Chapter 2 Data preparation
2.0.2 Genome metadata
Relevant metadata of genomes is fetched from 2-3 files and merged into one genome metadata object for downstream analyses.
2.0.2.1 Taxonomy
This is the raw taxonomy table generated by GTDBtk, which is simplified for downstream analyses.
genome_taxonomy <- bind_rows(read_tsv("data/gtdbtk.bac120.summary.tsv"),
read_tsv("data/gtdbtk.ar53.summary.tsv")) %>%
rename(genome = user_genome) %>%
mutate(genome = str_replace_all(genome,"\\.fa", "")) %>%
separate(classification, c("domain","phylum","class","order","family","genus","species"), sep =";") %>%
select(genome,domain,phylum,class,order,family,genus,species) %>%
arrange(match(genome, read_counts$genome))
2.0.3 Count table
This is the document containing the number of sequencing reads from each sample have been mapped to each MAG. Note that this is the raw data that needs to be further processed before running any statistics on them.
2.0.4 Base hit table
This is the document containing the number of nucleotide bases have been covered by at least one read in each sample and MAG. This information is used to calculate MAG coverage values.
2.0.5 Genome tree
This is the raw tree generated by GTDBtk, which needs to be pruned to obtain the phylogenetic tree of the genomes. Note that the archaeal tree is only generated if any archaeans are detected among the genomes.
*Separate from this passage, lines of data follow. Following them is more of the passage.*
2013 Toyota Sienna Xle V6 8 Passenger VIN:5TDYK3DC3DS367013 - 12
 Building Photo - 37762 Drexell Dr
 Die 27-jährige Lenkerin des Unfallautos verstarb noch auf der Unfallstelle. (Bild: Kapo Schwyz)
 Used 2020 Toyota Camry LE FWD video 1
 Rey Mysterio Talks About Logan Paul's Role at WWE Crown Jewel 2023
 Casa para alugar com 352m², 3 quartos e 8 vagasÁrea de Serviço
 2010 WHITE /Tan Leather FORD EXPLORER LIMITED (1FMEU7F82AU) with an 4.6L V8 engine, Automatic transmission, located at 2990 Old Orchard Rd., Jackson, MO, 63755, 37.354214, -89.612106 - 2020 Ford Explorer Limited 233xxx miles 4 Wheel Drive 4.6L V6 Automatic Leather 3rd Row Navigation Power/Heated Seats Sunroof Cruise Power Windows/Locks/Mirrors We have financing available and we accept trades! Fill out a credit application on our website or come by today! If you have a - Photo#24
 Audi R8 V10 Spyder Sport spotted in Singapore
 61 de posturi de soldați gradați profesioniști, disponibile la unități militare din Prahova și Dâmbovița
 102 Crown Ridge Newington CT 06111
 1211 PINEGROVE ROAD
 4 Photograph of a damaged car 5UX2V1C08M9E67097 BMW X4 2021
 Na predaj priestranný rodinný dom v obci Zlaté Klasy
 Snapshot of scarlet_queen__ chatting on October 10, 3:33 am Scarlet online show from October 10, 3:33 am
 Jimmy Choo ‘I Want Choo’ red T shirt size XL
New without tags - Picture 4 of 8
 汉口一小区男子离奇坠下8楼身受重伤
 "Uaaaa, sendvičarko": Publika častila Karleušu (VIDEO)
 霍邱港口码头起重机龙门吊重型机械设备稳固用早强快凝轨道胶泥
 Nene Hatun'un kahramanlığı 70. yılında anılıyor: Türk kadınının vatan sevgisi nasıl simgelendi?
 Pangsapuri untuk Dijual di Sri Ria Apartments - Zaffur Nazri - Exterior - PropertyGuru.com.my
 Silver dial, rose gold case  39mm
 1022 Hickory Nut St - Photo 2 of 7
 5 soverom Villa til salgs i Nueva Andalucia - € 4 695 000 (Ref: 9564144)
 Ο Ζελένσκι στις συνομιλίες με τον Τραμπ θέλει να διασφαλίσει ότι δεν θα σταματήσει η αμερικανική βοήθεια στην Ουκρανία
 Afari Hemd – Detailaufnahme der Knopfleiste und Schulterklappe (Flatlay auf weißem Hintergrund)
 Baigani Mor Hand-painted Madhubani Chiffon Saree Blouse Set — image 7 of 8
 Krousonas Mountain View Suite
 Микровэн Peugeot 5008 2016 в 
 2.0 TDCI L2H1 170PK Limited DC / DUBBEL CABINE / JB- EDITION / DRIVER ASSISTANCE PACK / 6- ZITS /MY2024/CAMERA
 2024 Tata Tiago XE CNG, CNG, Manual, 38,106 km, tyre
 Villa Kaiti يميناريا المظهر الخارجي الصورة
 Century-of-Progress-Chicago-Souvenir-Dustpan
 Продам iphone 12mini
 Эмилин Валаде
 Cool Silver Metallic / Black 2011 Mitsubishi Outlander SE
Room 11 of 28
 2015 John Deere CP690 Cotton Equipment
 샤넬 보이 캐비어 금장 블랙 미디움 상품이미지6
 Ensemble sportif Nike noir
archaea_tree <- read.tree("data/gtdbtk.ar53.classify.tree") #note that when no archaea are detected, this tree is not generated
bacteria_tree <- read.tree("data/gtdbtk.backbone.bac120.classify.tree")
genome_tree <- bind.tree(archaea_tree, bacteria_tree)
genome_tree$tip.label <- str_replace_all(genome_tree$tip.label,"'", "") #remove single quotes in MAG names
genome_tree <- keep.tip(genome_tree, tip=genome_metadata$genome) # keep only MAG tips
2.0.6 MAG functional annotations
This is the raw annotation table generated by DRAM, which is used to generate GIFT data using distillR.
2.1 Filter and normalise data
Raw data needs to be filtered and normalised to make it useful for downstream analyses.
2.1.1 Generate coverage table
By dividing the number of base hits by the length of each genome, coverage values can be calculated.
2.1.2 Coverage filtering
Genomes that have less than 30% of their length covered by reads are turned into zeros to account for the random allocation of reads across genomes due to mapping heuristics.
2.2 Color scheme
AlberdiLab projects use unified color schemes developed for the Earth Hologenome Initiative, to facilitate figure interpretation.
phylum_colors <- read_tsv("https://raw.githubusercontent.com/earthhologenome/EHI_taxonomy_colour/main/ehi_phylum_colors.tsv") %>%
right_join(genome_metadata, by=join_by(phylum == phylum)) %>%
arrange(match(genome, genome_tree$tip.label)) %>%
select(phylum, colors) %>%
unique() %>%
arrange(phylum) %>%
pull(colors, name=phylum)
2.3 Wrap working objects
In the last step, the objects that are needed for downstream analyses are stored in an R object.
save(read_counts,
read_counts_filt,
genome_counts,
genome_counts_filt,
genome_tree,
genome_metadata,
genome_gifts,
sample_metadata,
phylum_colors,
file = "data/data.Rdata")
- read_counts: Number of reads mapped to each genome in each sample. Note this is the unfiltered and unnormalised raw community composition table.
- genome_counts: Number of genomes quantified in each sample, calculated through filtering and normalising read_counts. This is the community composition table to be used in downstream analyses unless otherwise stated.
- genome_tree: Phylogenetic tree of the genomes, to be employed in downstream phylogenetic analyses.
- genome_metadata: Taxonomic and quality information of the genomes.
- genome_gifts: Genome-inferred functional traits of the genomes, to be employed in downstream functional analyses.
- sample_metadata: Treatment/population and other relevant metadata of the samples.